Along with that come legal troubles, as well. An appeals court ruled that Stuy-Town and Peter Cooper’s landlord raised rents and deregulated apartments after getting special tax breaks. News reports speculated that a decision against them could cost landlord Tishman Speyer as well as former landlord Metropolitan Life more than $200 million in restitution.

The court had also imposed a “moratorium on conversion” which has reduced capital expenditures. However, the use of debt service reserves has increased because the court also requires the borrower to seperately escrow the difference between stabilized and market rents on former stabilized units. The State Supreme Court will hear an appeal on the case this month.

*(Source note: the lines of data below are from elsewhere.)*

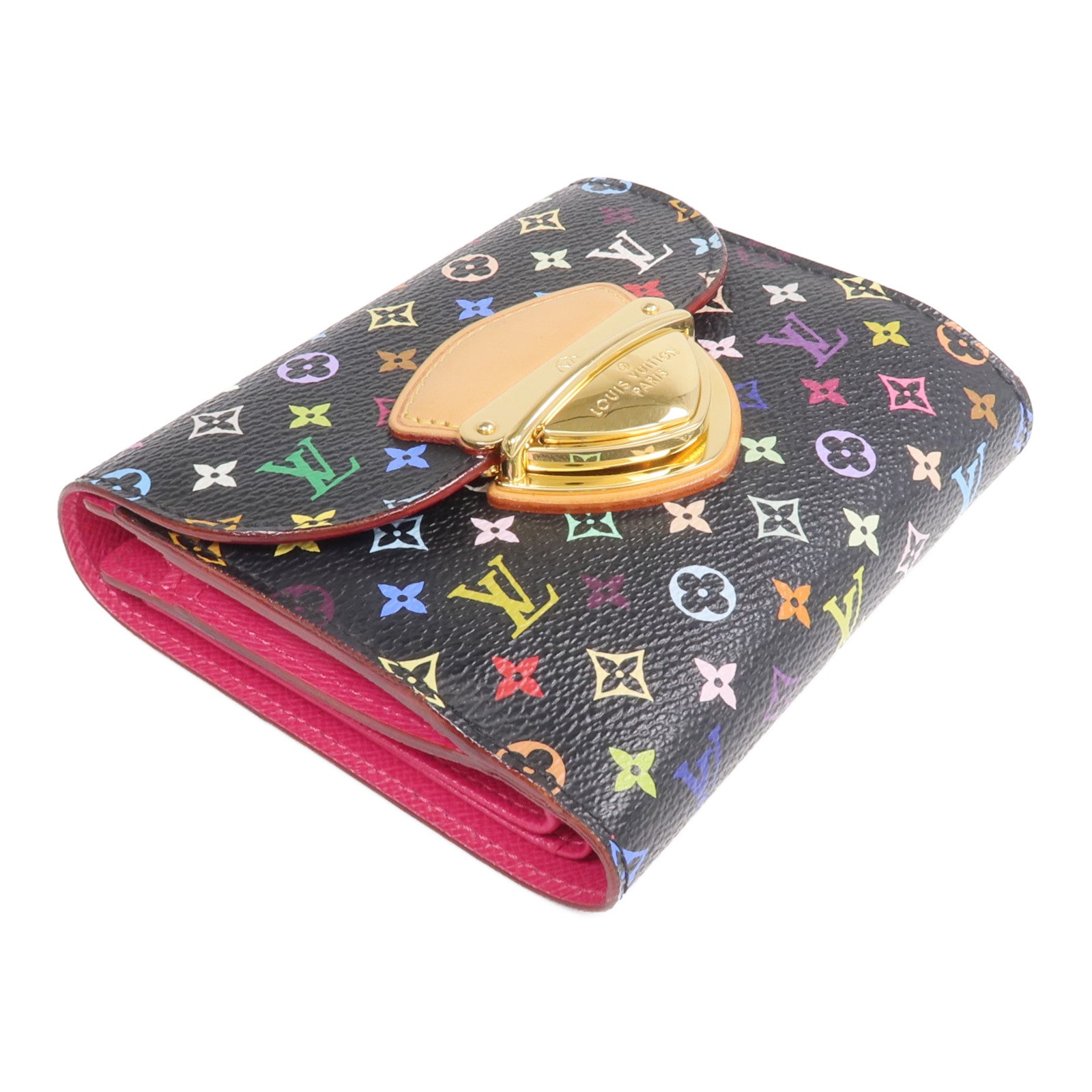 LOUIS VUITTON Monogram Multicolore Portefeui Joy Wallet金扣錢包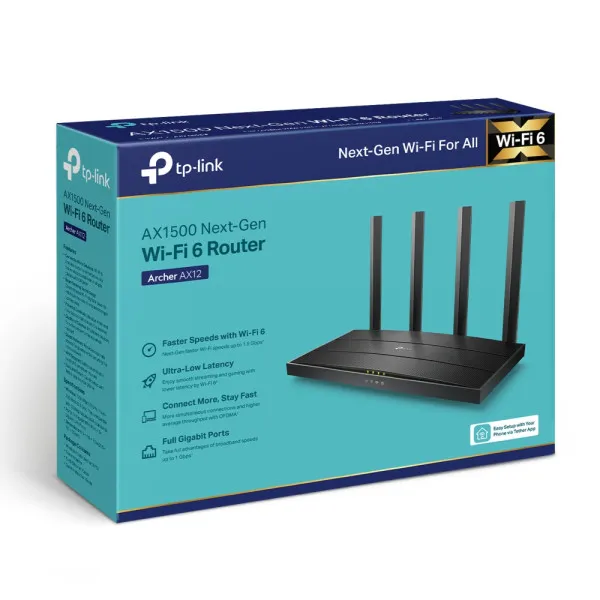 LAN Router TP-Link Archer AX12 AX1500/WiFi6/3xGLAN+1xGWAN Slika 4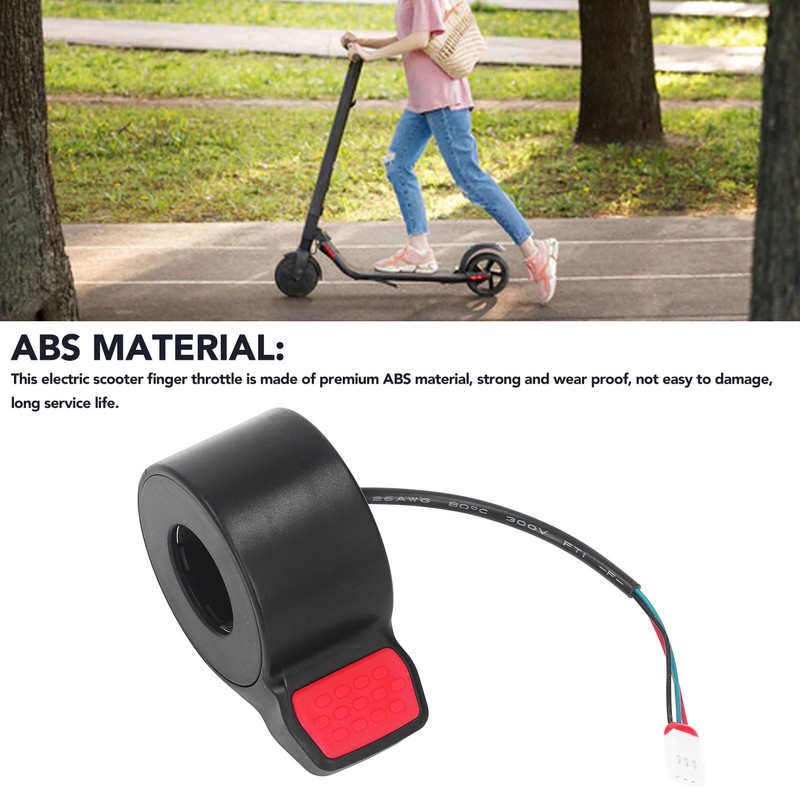 Electric Bike Thumb Throttle ABS Finger Throttle Thumb Accelerator Replacement
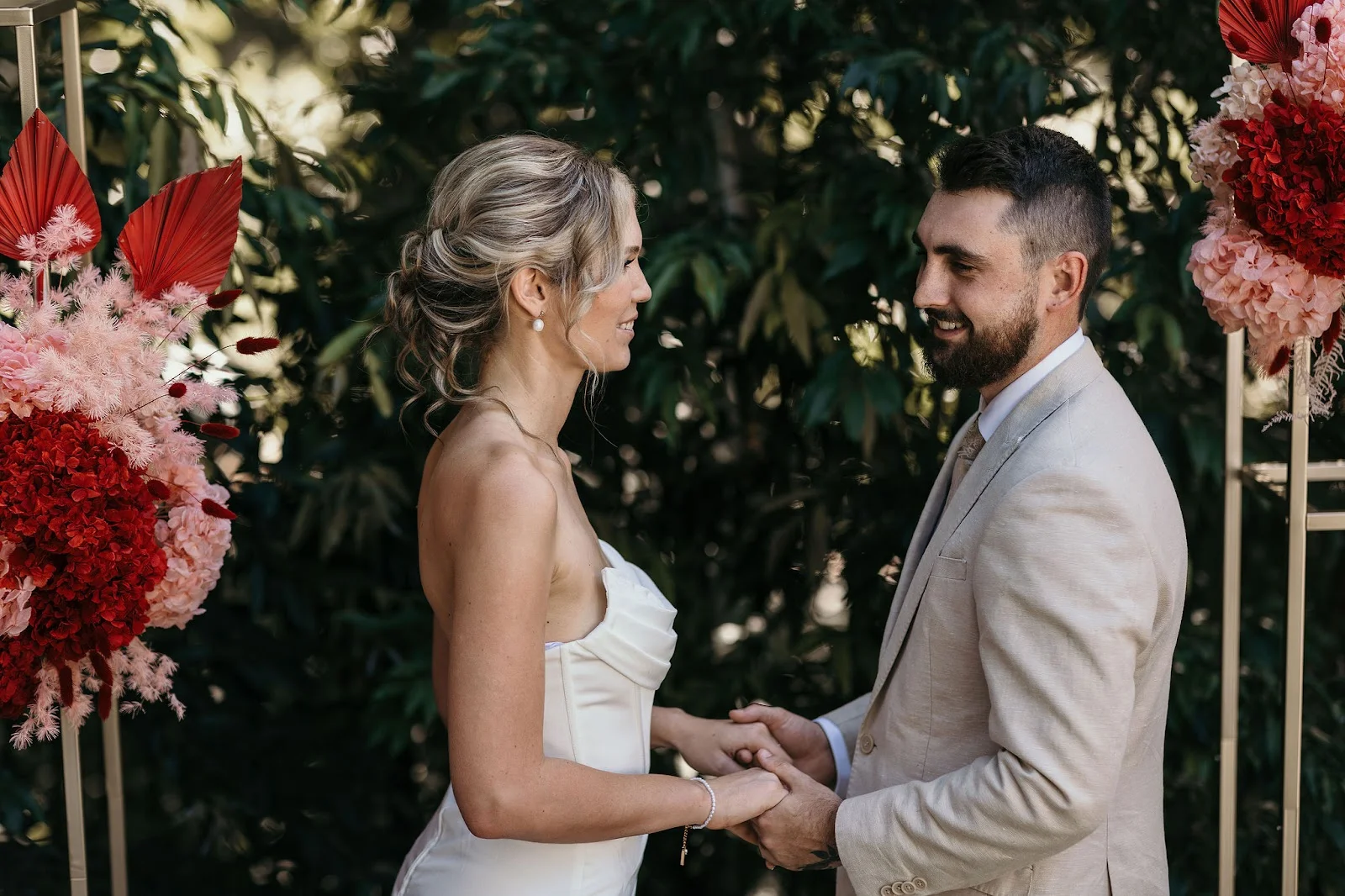 brisbane valentines day themed wedding shoot images by october falls photography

With things as dire as they are now, however, a legal victory would only be a moral one for Tishman, which still will likely default, which is why a special servicer may be looking to take over the CMBS debt associated with the property.

Senior director of Fitch Ratings Adam Fox says in a statement that “based on current performance and uncertainty surrounding ongoing litigation, we do not expect property performance to improve sufficiently to service the securitized portion of the $4.5-billion debt before reserves are depleted.”

According to Fitch, in addition to securitized debt, there’s $1.5 billion of mezzanine debt held outside the trust. For the year ended 2008 ,the servicer reported debt service coverage ratio on the mortgage was 0.69 times as compared to the year ended 2007 DSCR of 0.55x.